MATERIAL SUPPLIED:
┄┄┄┄┄┄┄┄┄┄
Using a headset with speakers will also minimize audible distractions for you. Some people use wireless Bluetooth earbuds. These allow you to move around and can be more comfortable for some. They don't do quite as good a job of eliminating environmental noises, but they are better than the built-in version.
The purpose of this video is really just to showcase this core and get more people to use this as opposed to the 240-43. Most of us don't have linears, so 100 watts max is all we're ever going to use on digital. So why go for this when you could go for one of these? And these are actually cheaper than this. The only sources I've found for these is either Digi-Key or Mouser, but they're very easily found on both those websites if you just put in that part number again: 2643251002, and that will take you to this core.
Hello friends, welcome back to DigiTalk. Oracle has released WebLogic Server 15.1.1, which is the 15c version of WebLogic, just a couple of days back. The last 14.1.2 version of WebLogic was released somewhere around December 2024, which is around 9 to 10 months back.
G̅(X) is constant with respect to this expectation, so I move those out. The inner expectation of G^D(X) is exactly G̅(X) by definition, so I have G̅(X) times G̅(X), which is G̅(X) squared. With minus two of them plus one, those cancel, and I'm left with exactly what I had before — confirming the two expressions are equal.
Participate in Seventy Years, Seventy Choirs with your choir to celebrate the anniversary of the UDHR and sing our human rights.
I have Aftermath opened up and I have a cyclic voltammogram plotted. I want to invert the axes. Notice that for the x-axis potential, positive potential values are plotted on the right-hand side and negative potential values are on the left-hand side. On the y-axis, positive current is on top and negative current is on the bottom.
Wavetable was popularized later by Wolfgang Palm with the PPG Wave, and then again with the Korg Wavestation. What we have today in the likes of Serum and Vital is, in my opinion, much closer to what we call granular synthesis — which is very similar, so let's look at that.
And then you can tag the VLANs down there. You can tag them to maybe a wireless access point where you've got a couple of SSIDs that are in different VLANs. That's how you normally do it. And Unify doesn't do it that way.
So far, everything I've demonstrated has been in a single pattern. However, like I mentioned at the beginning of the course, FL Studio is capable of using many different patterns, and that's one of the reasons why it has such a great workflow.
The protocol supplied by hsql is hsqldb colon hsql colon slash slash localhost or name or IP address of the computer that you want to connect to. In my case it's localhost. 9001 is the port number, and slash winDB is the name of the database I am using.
┄┄┄┄┄┄┄┄┄┄
TASK DETAILS:
What you return must be an exact retyping of the lines above starting at the line with "G̅(X) is constant" and ending at the line with "Participate in Seventy", and nothing besides.

EXERCISE SOLUTION:
G̅(X) is constant with respect to this expectation, so I move those out. The inner expectation of G^D(X) is exactly G̅(X) by definition, so I have G̅(X) times G̅(X), which is G̅(X) squared. With minus two of them plus one, those cancel, and I'm left with exactly what I had before — confirming the two expressions are equal.
Participate in Seventy Years, Seventy Choirs with your choir to celebrate the anniversary of the UDHR and sing our human rights.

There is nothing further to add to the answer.